22 thoughts on “why are people in southern california so underdressed? pic somewhat related.

  1. Sieg says:

    What’s there to dress up for? Southern California imported the third world and now it’s basically Venezuela

    Also dressing well makes you a target for the hundreds of millions of homeless literally everywhere

  2. Anonymous says:

    Walking around in sweats all day is a flex. It shows you don’t have a corporate job and are not bound by the shitty 9-5 system. Bascially they’re larping as influencers and athletes.

  3. Anonymous says:

    That fit is better than almost all the weird shit posted in WAYWTD thread. It’s better to dress like a cool normie than a cool autist who will get upvotes and Reddit gold on /fashion/.

      • Anonymous says:

        It looks cool and most young people with social life would agree
        I’d rather appeal to hot girls IRL than some autists on this website

          • Anonymous says:

            They wear vans and shorts and crew necks. In winter they wear khaki chinos and vans with flannel shirts or crewneck sweatshirts.
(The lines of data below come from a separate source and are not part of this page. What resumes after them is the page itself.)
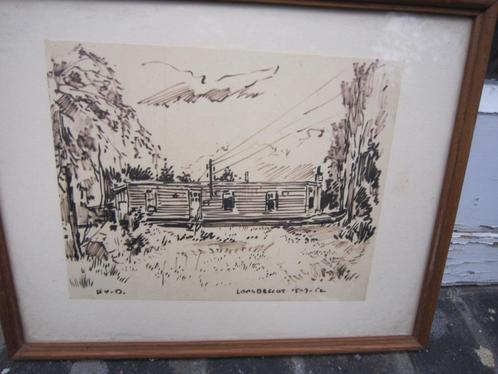 Loosdrecht, Opgeplakte tekening van een Caravan, Antiek en Kunst, Kunst | Tekeningen en Foto's, Ophalen of Verzenden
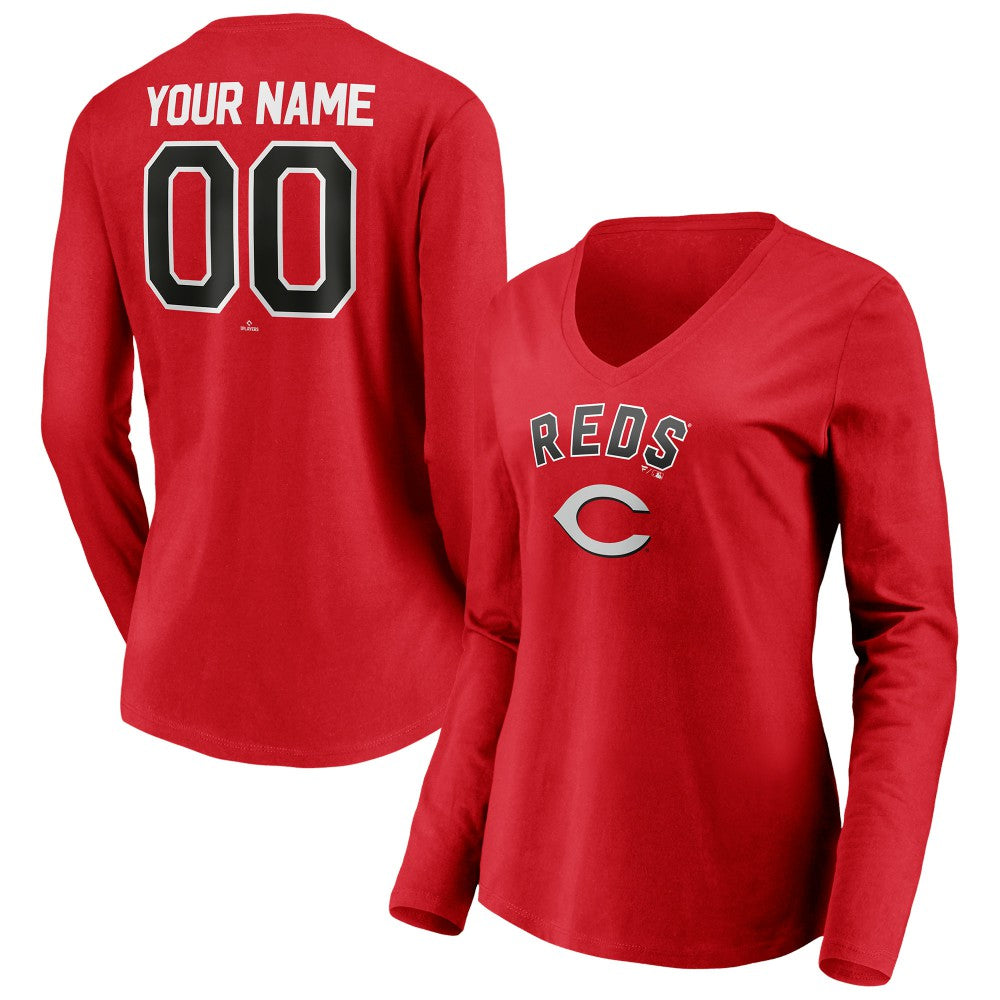 Cincinnati Reds Women's Personalized Winning Streak Name & Number Long Sleeve V-Neck T-Shirt for sale
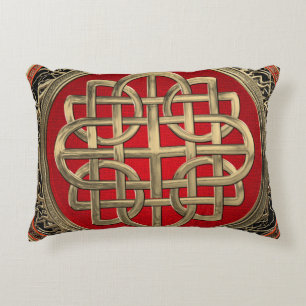 [600] Sacred Celtic Gold Knot Cross Dekokissen
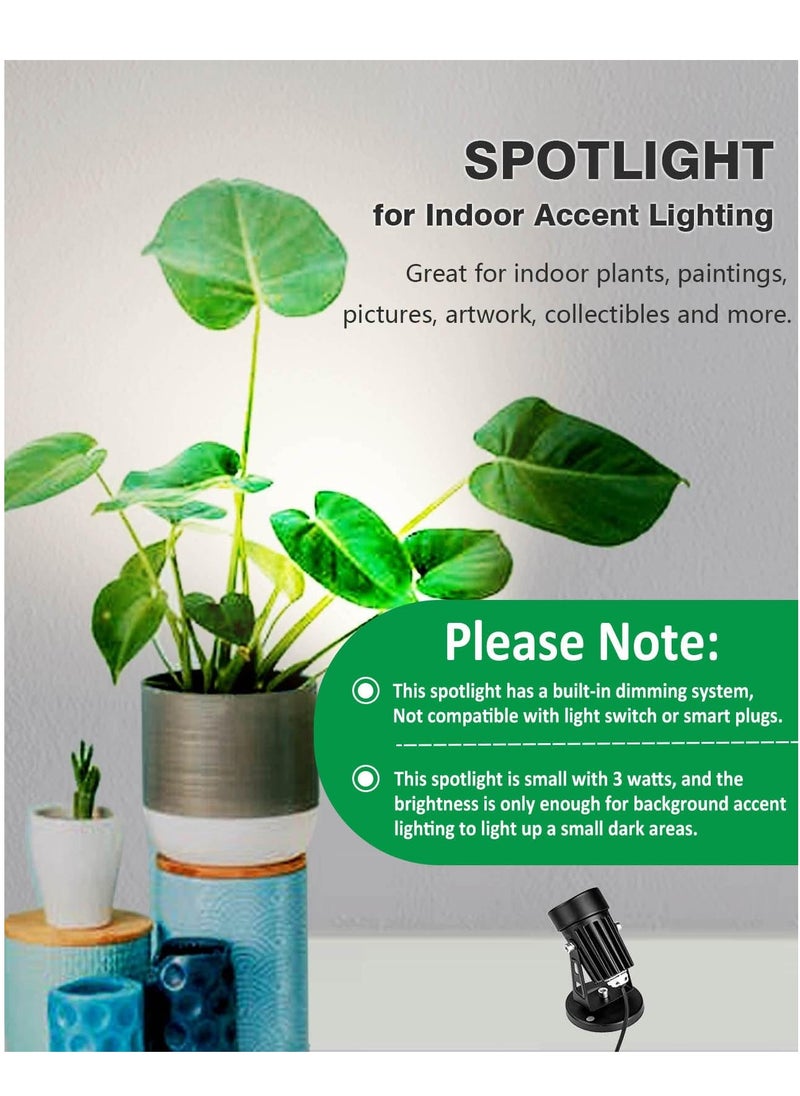 SYOSI Dimmable LED Spot Lights Indoor Uplighting 3W USB Powered Floor Spot Lights Uplights Indoor Accent Light for Plants with 3 Color Lighting Modes and Auto On Off Timer Function 3h 6h 9h Black  - Image 4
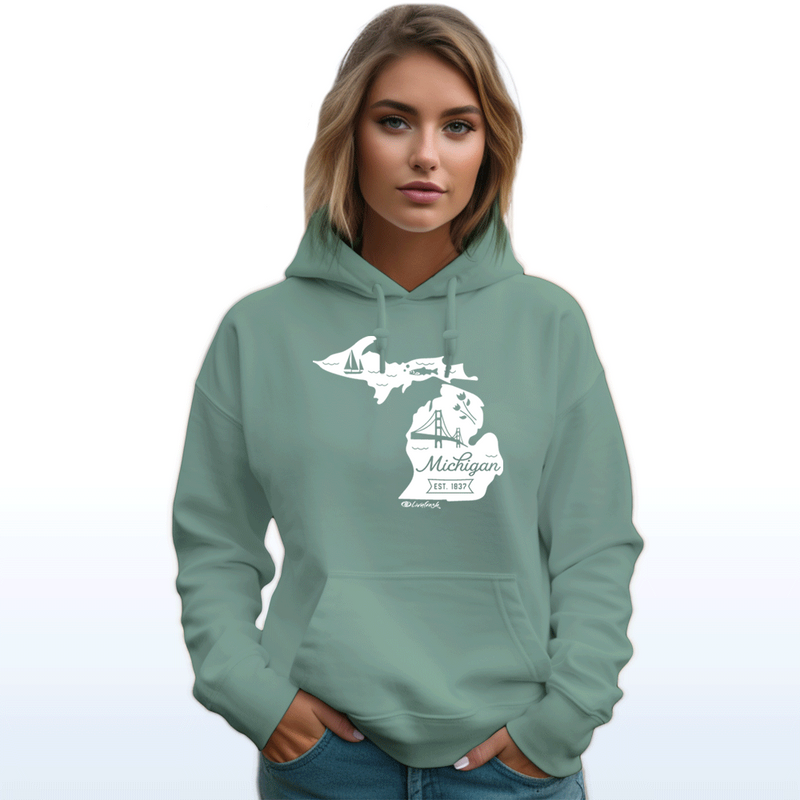 "Vintage Michigan"Relaxed Fit Classic Unisex Hoodie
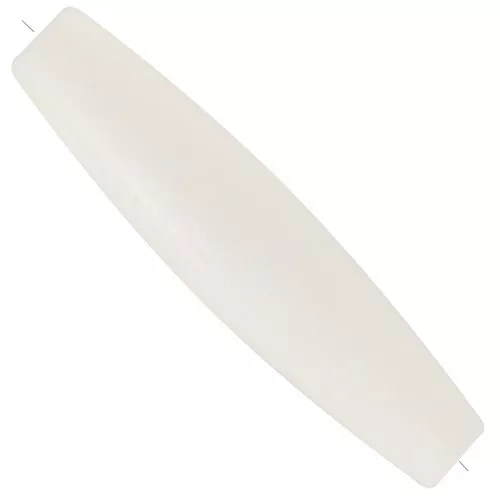 Perline d'oliva d'osso - 36x8 mm - Bianco x5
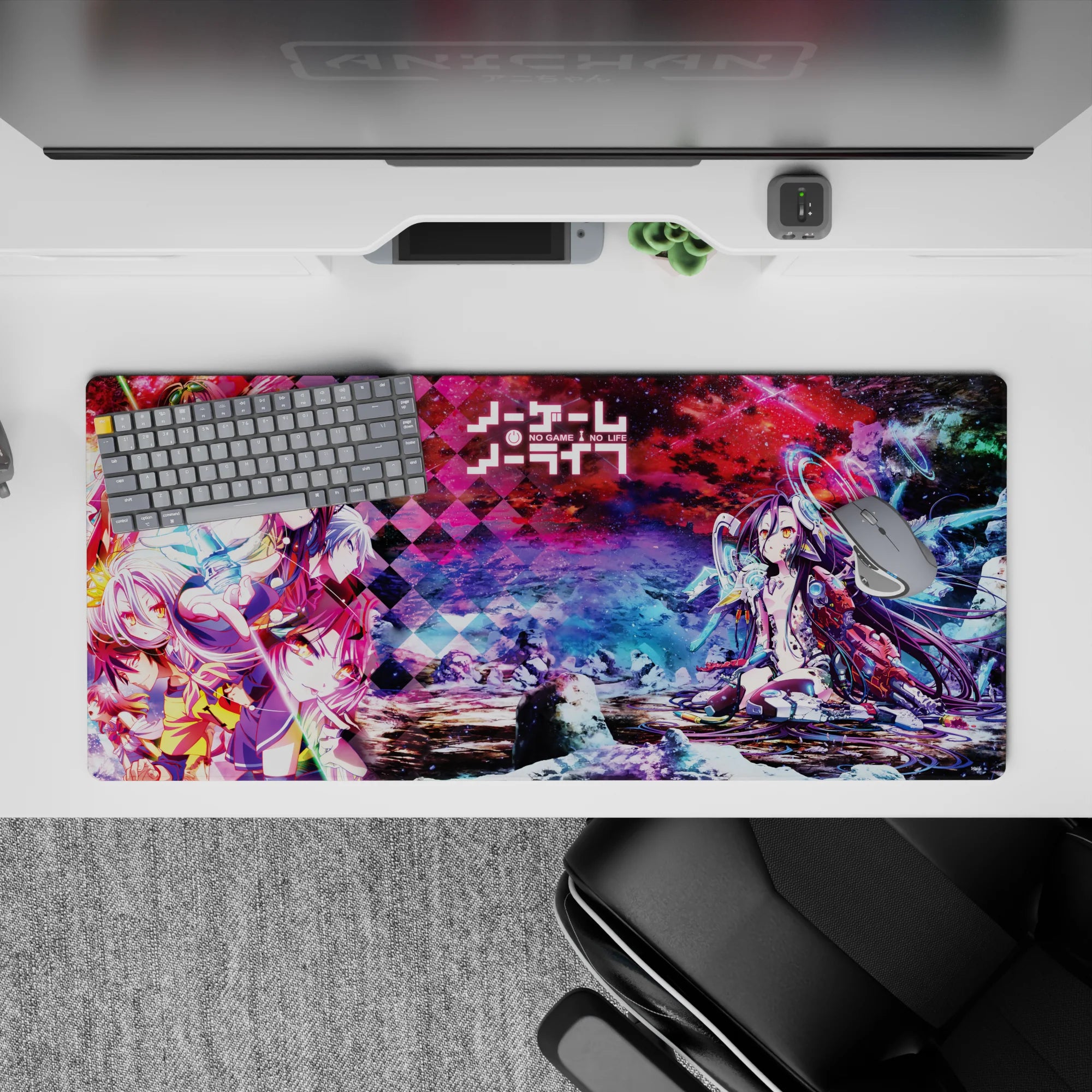 Anime desk pad 36x16 inches in magenta clouds and icy blues, loud neon vibe with crisp glowing accents.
          • Anonymous says:

            >It looks like every kid who will lose their virginity before they turn 25 and produce multiple offspring.

          • Anonymous says:

            Mormons basically do arranged marriages. Indians will lose their virginity and have multiple offspring too and they’re ugly dysgenic manlets with micropenises.

          • Anonymous says:

            They have religious marriages too. How mormons dress has nothing to do with them getting married. I know multiple mormons with missing teeth and cystic acne who got married and had kids. I grew up literally a half mile from the gilbert mormon temple and was a boy scout.

          • Anonymous says:

            Mormon girls can look really hot from what I’ve seen. They’re mostly Northern European by their ancestry, so they’re guaranteed to have better looks than average + height.

          • Anonymous says:

            The mormons are anglo british and some german. I’m golden blond and 6’2 and most of their parents assumed I was mormon growing up. They don’t usually date outside the church though. There are some jack mormons and broken family ones that do. But the majority don’t.

          • Anonymous says:

            I can be a Mormon too, sounds like a pretty decent religion, especially the stupid lore behind it all

            Becoming a Mormon > larping with /fashion/ shit to getting a nice and cute gf/wife

          • Anonymous says:

            There is a lot of benefit to joining. They take care of their own and act in a nepotistic mafia-like way. They’re basically white hebrews in that way. They deal with each other above all in business and are insular within their companies. They also all buy guns then private sell to one another so that the state and feds have absolutely no idea who has which guns or how many. Their garages also have doomsday prepper barrels of grain and tanks of water that they drain and cycle once a year. When they do they like to make a big slip and slide and then train the plastic tanks and let all their kids slide down the huge plastic sheeting. The tithing is serious though they aren’t allowed to skimp on that. Also the church has a dude watch you heck on your wedding night.

          • Anonymous says:

            I should also mention, they don’t get legally married. They only get married within the church. The wives then file as single mothers who are renting from their husbands so that they can be awarded welfare for each child. That’s how they afford so many kids.

          • Anonymous says:

            I should also mention, they don’t get legally married. They only get married within the church. The wives then file as single mothers who are renting from their husbands so that they can be awarded welfare for each child. That’s how they afford so many kids.